Deniz canlılarında tespit edilen mikroplastik kirliliğinin bir tehlike unsuru oluşturması için belirlenmiş bir alt ya da üst değerin olmadığını belirten Ataş, “O sebeple bir tane bile mikroplastik parçacığı çıkmış olması risktir. Mikroplastiklerin özellikle 100-130 mikron yani 0.1-0.13 milimetre boyutuna kadar olanları çoğunlukla dışkıyla atılıyor. Ancak bundan daha küçük boyutta olanların mide bağırsak sisteminden dolaşım sistemine katılabildiği çeşitli araştırmacılar tarafından belirtiliyor. Daha fazla araştırma ihtiyacı mevcut olsa da, bazılarının bağırsak kıvrımlarında kalabilme durumu da söz konusu.” dedi.
“ARAŞTIRILMASI GEREKİYOR”
“Bu plastikler petrol türevli ve üretimlerinde sera gazı salınıyor. Bunların içeriğinde birçoğu zararlı olan katkı maddeleri bulunuyor.” diyen Ataş, şu bilgileri paylaştı: “Ayrıca mikroplastikler denizdeki diğer kirleticileri de bir mıknatıs gibi kendilerine çekebiliyor. İşte bu kimyasalların vücuda girdikten sonra ne kadar yayıldığının araştırılması ve ortaya konulması gerekiyor ki bunun olduğu da birçok farklı araştırmacı tarafından belirtilmiş durumda. Örneğin Almanya’da 2500 çocuğun idrar ve kan örnekleri üzerinde yapılan çalışmada bu maddelerin birçoğuna kaygı uyandıracak düzeyde rastlanmış. Benzer çalışmaların Türkiye’de de yapılması gerekiyor.
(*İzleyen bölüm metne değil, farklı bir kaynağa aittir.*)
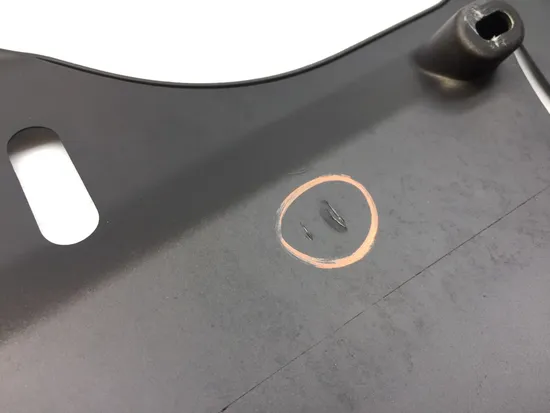 Right Side Mid Lower Fairing Cover 2011 Ducati 848 EVO 2826A x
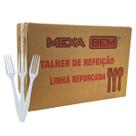 Garfo refeição reforçada branco c/1000 descatável mexa bem
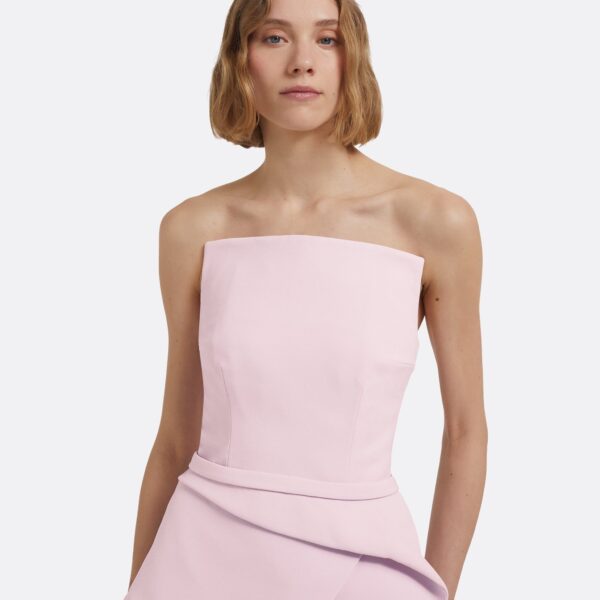 Kendra Long Dress In Lilac Snow by Safiyaa ‚Äì luxury dresses in Pink available at Coveti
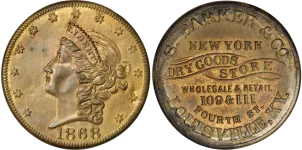 An S. Barker & Co. merchant token from Louisville, an item appraised by an expert Kentucky coin dealer.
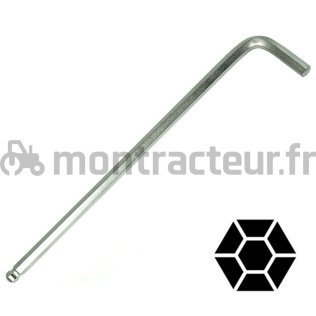 CLES 6 PANS MÂLE A BOULE 14 MM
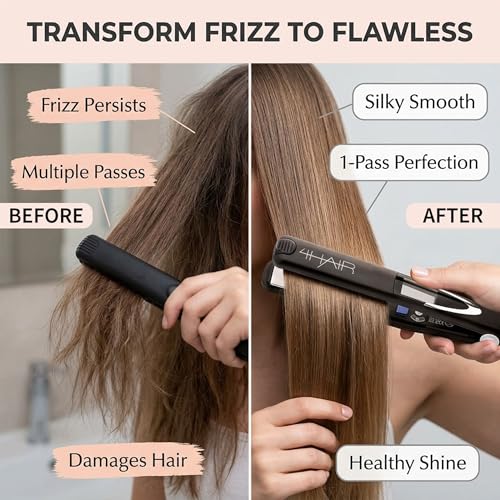 Plancha de Pelo 4Hair Vibe Flat Iron Negra Titanio miniatura 4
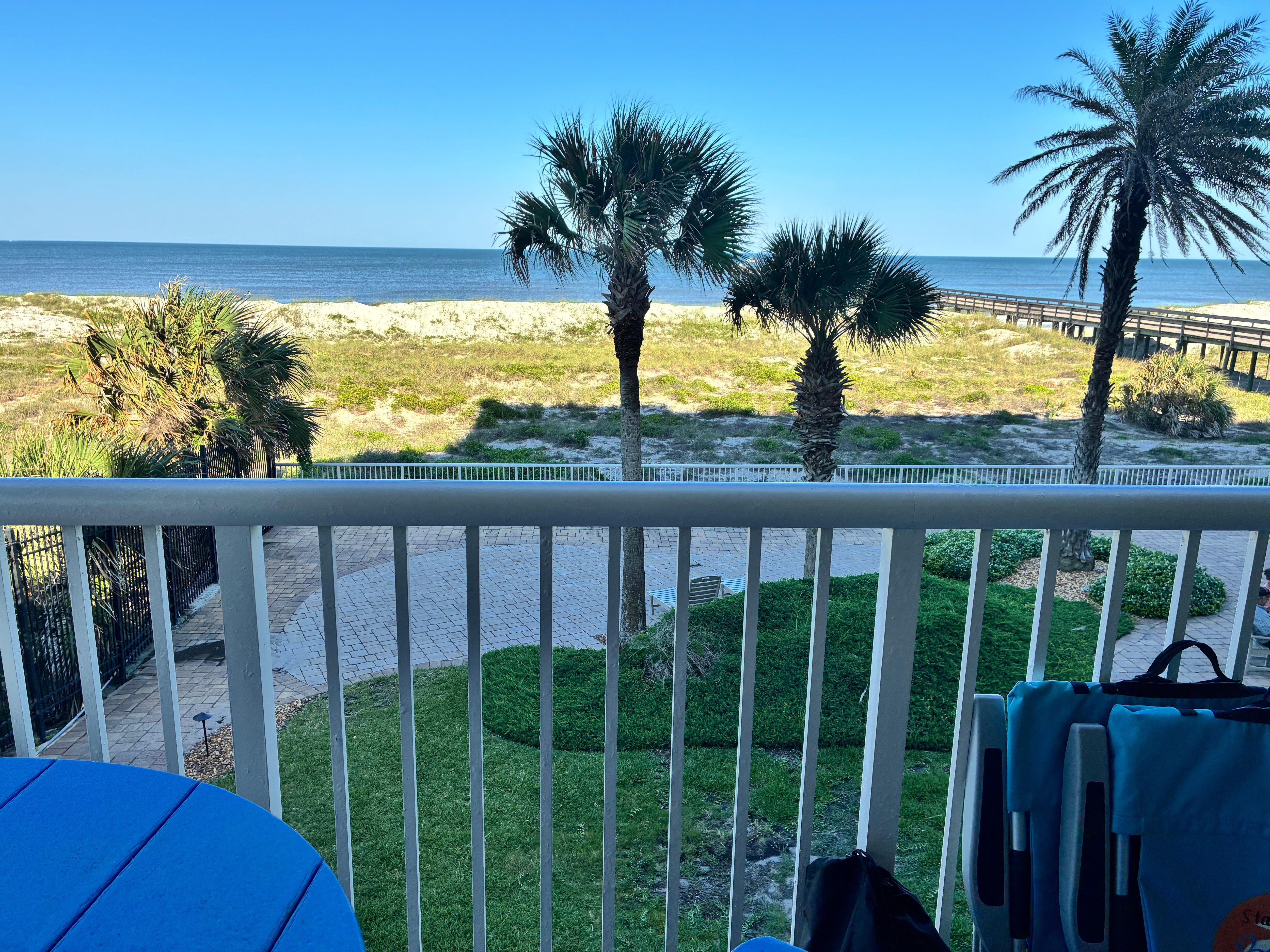 View from the balcony of this unit. 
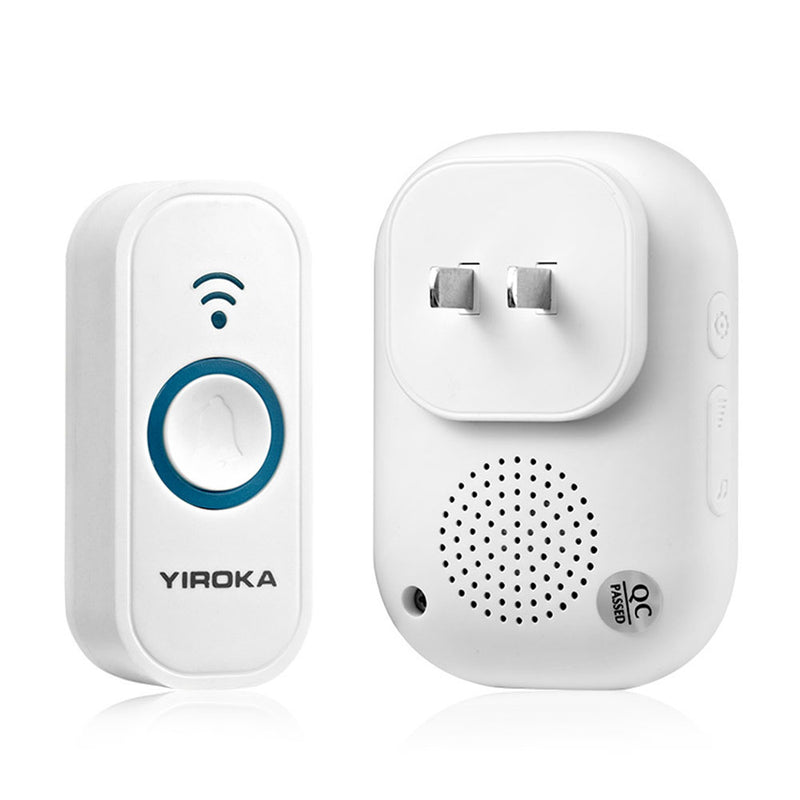 YIROKA W-101 Wireless Doorbell 58 Chimes Wireless Doorbell Waterproof Call Door Bell Smart Doorbell Alarm System Kit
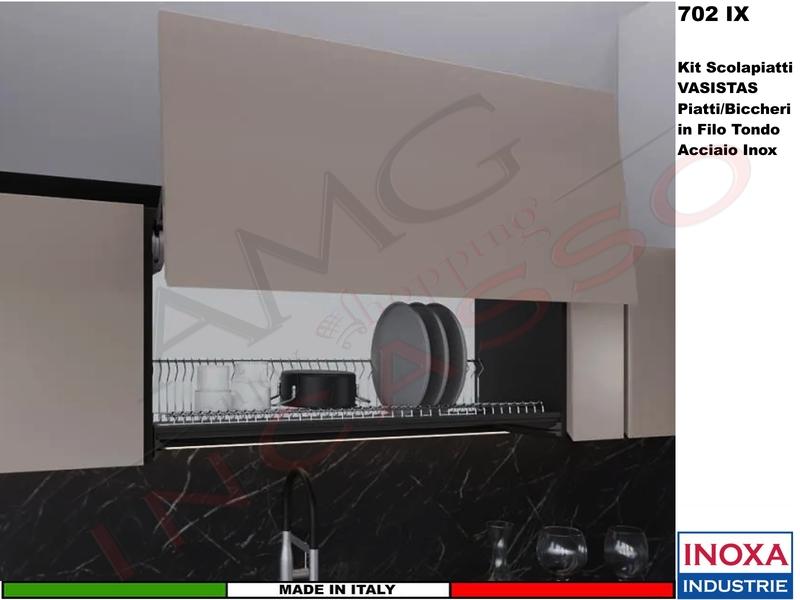 Kit Scolapiatti Vasistas Pensile 70 702/70 Griglia Unica + 2 Staffe 901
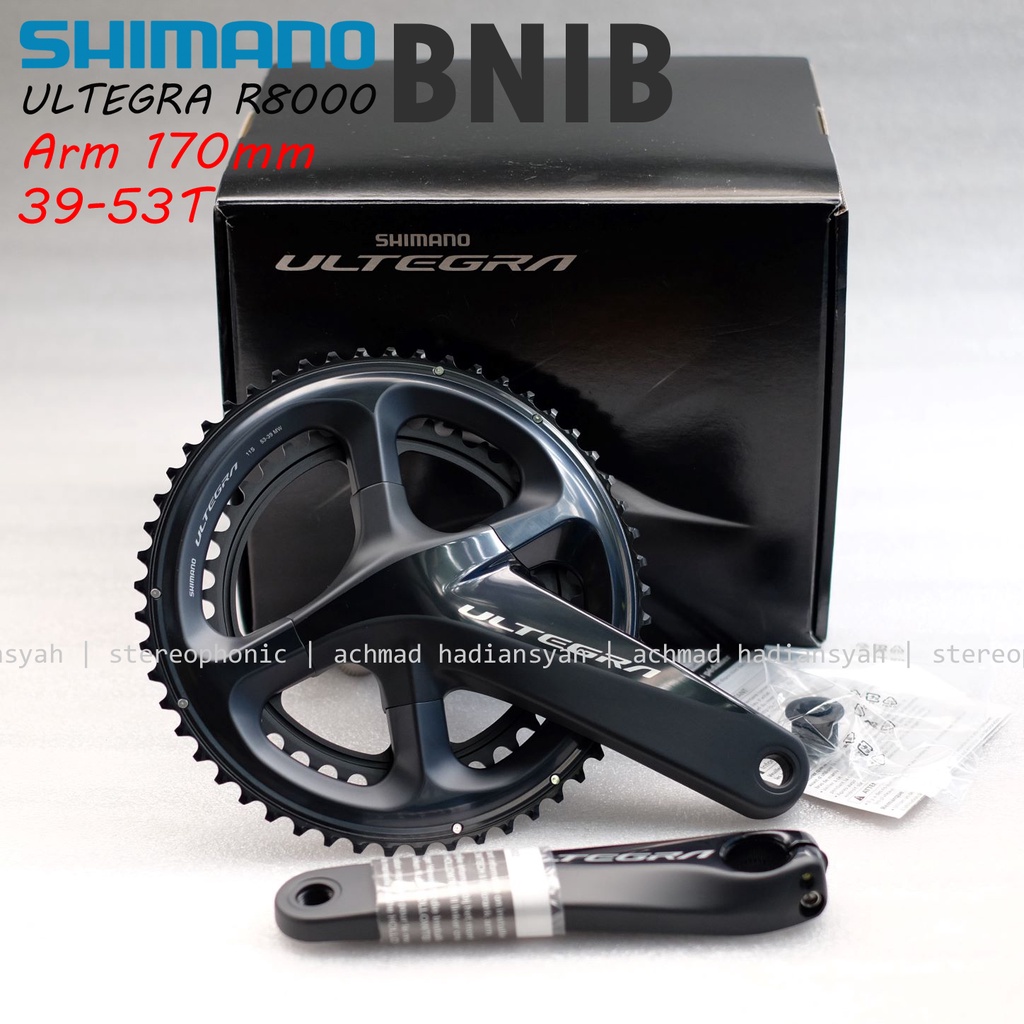 NEW Crank SHIMANO ULTEGRA FC-R8000 dual speed 39-53T Crankset ULTEGRA dual chainring 39-53T Crank Ar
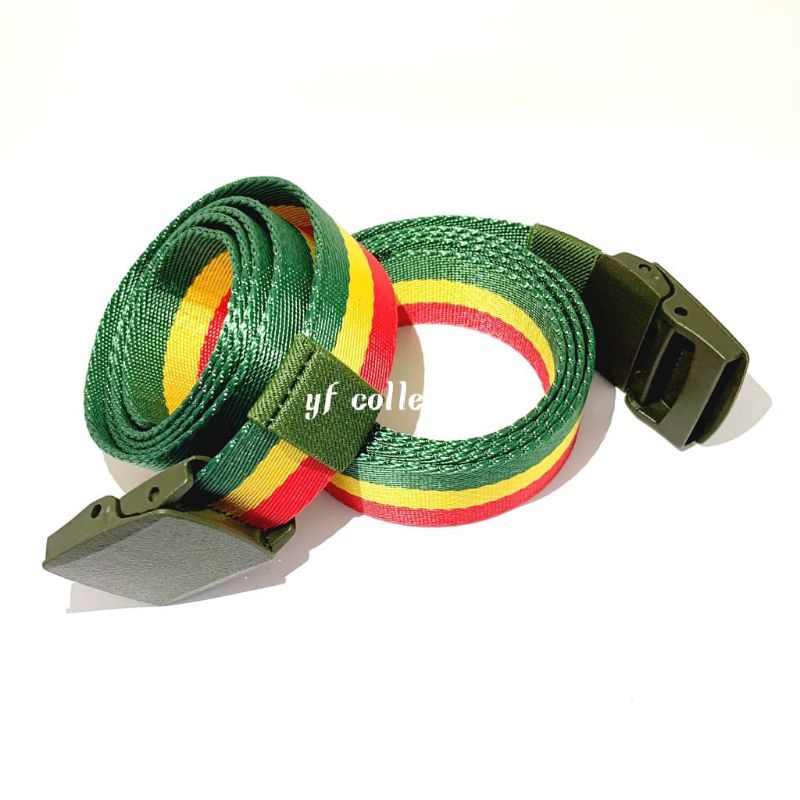 IKAT PINGGANG X-RAY REGGAE / MOTIF RASTA BELT PRIA WANITA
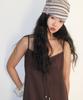 AMES-WORLDWIDE Soft Stripe Beanie Brown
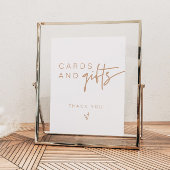 MARLO Boho Earth Tone Beige Karten und Geschenksze Poster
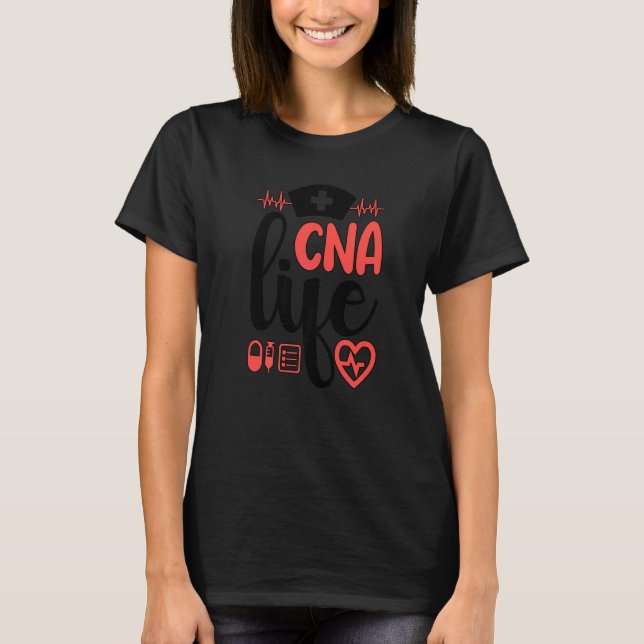 Camiseta Certified Nursing Assistant Week CNA Nurse (Frente)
ÇÖZÜM İÇİN NELER YAPILMALI?
Balıkların vücutlarında tespit edilen ve çoğunluğu tek kullanımlık olan plastiklerin aşırı plastik üretiminin, yetersiz atık yönetimiyle doğrudan ilişkili olduğunu vurgulayan Ataş, sorunun çözümü için şu önerilerde bulundu: “Bu sebeple aşırı plastik üretiminin azaltılması, Avrupa Birliği’nde yasaklanan bazı tek kullanımlık plastiklerin yasaklanması, yönetimlerin atık politikalarını Türkiye’de de iyileştirmeleri ve bireylerin plastik tüketimini azaltmaları gerektiği sonucu ortaya çıkıyor. Plastik kirliliğiyle mücadelede kararlı olmak ve birlikte hareket edebilmek çok önemli. Bunun için, bireylere, şirketlere ve devletlere ayrı ayrı görevler düşüyor. Çevre ve Şehircilik Bakanlığı'ndan talebimiz, en gereksizlerden başlayarak tek kullanımlık plastikleri (plastik pipet, kulak çubuğu, tabak, çatal, bıçak, kaşık, içecek karıştırıcıları ile köpük gıda kapları ve içecek bardakları) yasaklaması. Üç tarafı plastikle değil denizlerle çevrili bir Türkiye için bunun şart olduğunu düşünüyoruz. Bunun yanı sıra bireyler en fazla 1-2 dakika kullandığımız ve alternatifleri olan bu tek kullanımlık plastik ürünleri kullanmayı bırakmalı, büyük şirketler de ambalaj ve teslimat sistemlerinde yeni, gerçekten doğa dostu çözümler üretmeli. Plastiksiz bir gelecek mümkün.”